Management al femminile: la sfida culturale per nuove leadership – Il paese delle donne on line


I dati li ha ricordati Diletta Capissi introducendo l’incontro: le donne rappresentano il 36% dei manager, un dato in crescita, se confrontato con i livelli del 2011, della presenza delle donne nei consigli di amministrazione, il 7%; le imprese femminili in Italia sono circa il 19% del totale. Quanto in questi progressi è da attribuire alla legge che dal 2011 promuove l’equilibrio di genere nei board delle aziende? La Legge Golfo-Mosca (n. 120 del 2011) ha introdotto l’obbligo di quote di genere nei consigli di amministrazione e nei collegi sindacali delle società quotate in mercati regolamentati e di quelle controllate da pubbliche amministrazioni.

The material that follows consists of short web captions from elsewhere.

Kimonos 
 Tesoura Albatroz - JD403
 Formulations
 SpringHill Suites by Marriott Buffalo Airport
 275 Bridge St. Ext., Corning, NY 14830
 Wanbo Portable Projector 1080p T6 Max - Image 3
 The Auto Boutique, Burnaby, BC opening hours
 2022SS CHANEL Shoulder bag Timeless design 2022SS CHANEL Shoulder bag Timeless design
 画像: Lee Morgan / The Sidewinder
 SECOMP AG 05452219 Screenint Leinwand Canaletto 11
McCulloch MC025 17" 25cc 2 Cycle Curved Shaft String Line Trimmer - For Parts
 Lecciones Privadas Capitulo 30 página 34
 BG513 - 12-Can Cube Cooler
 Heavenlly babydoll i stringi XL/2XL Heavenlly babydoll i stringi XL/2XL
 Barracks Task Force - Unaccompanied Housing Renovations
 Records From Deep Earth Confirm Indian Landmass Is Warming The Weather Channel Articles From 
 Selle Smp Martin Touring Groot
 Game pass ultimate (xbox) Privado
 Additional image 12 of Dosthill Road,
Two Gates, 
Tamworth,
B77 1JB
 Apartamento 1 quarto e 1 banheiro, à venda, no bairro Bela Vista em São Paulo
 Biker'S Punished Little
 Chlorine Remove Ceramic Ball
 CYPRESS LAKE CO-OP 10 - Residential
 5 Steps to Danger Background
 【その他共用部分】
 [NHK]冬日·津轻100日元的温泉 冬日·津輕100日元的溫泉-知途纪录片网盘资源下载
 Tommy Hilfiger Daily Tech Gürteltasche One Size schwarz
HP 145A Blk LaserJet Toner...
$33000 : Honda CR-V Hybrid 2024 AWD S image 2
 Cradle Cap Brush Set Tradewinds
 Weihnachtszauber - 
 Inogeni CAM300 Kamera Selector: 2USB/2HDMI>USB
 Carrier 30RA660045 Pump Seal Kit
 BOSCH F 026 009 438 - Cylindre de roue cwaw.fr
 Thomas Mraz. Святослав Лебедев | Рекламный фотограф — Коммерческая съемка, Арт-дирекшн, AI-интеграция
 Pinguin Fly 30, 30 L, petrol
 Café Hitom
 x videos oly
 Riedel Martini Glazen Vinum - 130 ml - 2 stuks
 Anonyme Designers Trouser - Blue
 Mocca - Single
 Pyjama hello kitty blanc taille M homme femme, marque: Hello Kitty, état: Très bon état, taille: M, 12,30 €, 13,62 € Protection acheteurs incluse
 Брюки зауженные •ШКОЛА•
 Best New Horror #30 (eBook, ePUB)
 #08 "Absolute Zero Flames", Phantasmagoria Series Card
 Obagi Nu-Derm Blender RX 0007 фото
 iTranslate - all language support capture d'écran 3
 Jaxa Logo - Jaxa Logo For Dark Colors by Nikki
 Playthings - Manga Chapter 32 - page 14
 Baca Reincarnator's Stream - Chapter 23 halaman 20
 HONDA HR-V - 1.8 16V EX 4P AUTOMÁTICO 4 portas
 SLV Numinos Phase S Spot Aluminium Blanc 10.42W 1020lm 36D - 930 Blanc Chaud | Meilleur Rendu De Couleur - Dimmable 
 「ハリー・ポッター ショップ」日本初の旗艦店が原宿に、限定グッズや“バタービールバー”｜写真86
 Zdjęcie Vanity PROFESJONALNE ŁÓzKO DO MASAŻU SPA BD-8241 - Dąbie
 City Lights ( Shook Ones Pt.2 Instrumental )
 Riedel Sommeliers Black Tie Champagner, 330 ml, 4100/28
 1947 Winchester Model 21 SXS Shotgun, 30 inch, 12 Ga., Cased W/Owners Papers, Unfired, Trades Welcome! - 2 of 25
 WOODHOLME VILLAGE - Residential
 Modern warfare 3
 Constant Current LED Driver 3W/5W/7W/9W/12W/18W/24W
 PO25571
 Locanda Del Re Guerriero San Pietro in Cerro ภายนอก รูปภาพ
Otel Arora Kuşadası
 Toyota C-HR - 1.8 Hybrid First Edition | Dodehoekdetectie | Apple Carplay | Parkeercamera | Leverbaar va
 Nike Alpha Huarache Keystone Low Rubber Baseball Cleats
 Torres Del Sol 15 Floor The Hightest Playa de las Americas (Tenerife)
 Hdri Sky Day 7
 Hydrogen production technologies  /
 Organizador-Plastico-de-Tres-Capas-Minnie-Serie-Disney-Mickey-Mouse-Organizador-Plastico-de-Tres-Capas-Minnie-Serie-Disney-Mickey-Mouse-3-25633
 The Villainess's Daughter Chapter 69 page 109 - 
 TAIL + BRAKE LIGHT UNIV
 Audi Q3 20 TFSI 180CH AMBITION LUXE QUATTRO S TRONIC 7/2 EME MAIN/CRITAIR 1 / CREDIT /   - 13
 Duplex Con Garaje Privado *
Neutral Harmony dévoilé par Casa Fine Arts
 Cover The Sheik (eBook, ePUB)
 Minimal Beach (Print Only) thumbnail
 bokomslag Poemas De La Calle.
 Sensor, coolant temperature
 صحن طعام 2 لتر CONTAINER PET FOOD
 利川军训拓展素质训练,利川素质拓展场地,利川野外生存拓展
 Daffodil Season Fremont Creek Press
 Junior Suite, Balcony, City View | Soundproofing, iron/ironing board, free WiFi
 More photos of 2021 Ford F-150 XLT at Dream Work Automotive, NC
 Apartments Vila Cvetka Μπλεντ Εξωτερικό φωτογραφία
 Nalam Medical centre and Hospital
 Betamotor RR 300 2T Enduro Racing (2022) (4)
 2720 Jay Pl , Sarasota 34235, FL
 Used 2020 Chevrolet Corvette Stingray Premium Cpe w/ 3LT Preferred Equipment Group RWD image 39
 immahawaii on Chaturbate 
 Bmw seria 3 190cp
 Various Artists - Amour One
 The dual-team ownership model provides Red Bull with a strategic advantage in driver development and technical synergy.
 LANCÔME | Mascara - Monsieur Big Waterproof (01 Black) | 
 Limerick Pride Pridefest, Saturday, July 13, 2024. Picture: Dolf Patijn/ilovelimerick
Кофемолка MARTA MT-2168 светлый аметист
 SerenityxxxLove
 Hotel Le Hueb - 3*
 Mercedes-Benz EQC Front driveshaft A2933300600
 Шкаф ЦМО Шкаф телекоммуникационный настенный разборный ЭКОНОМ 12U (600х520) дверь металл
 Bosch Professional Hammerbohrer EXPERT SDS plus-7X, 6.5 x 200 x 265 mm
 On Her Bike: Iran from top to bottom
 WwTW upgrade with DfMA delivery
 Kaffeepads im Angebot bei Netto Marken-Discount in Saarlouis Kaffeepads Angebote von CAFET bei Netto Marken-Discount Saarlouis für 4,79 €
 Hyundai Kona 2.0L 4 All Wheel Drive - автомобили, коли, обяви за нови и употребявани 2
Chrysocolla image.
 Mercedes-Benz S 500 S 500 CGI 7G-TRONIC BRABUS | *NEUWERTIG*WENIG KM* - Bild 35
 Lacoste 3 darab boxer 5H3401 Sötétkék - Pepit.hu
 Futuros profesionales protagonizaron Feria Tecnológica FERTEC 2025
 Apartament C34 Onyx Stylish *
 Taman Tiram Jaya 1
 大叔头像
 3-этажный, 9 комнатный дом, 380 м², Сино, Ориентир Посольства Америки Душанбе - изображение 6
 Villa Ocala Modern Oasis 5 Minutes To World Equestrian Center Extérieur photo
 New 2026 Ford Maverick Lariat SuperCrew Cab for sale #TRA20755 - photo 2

Sicuramente la rappresentanza femminile si è avvantaggiata, grazie alla legge, ma sono ancora molti i motivi che frenano il raggiungimento della parità nella direzione delle aziende. 

I motivi del gap sono soprattutto di ordine culturale e sociale, su questo l’accordo è stato unanime, mentre sulla qualità della leadership femminile, sui suoi connotati e sul suo valore di differenza la spaccatura è netta tra chi, per età, tende a sottolineare l’utilità delle politiche di riequilibrio e chi, più giovane, pur ribadendo l’utilità di politiche inclusive, tende a sottolineare il valore “neutro” della leadership. Più volte, sia Rosanna Spanò (ricercatrice di economia e coautrice con Roberto Vona del libro Imprese visionarie che narra esempi di best practice in Campania) che Claudia Perillo, giovane imprenditrice e amministratrice di Biotech – Gruppo SVAS hanno sottolineato la trasversalità del valore della leadership: si è o non si è leader, hanno detto, indipendentemente dal genere.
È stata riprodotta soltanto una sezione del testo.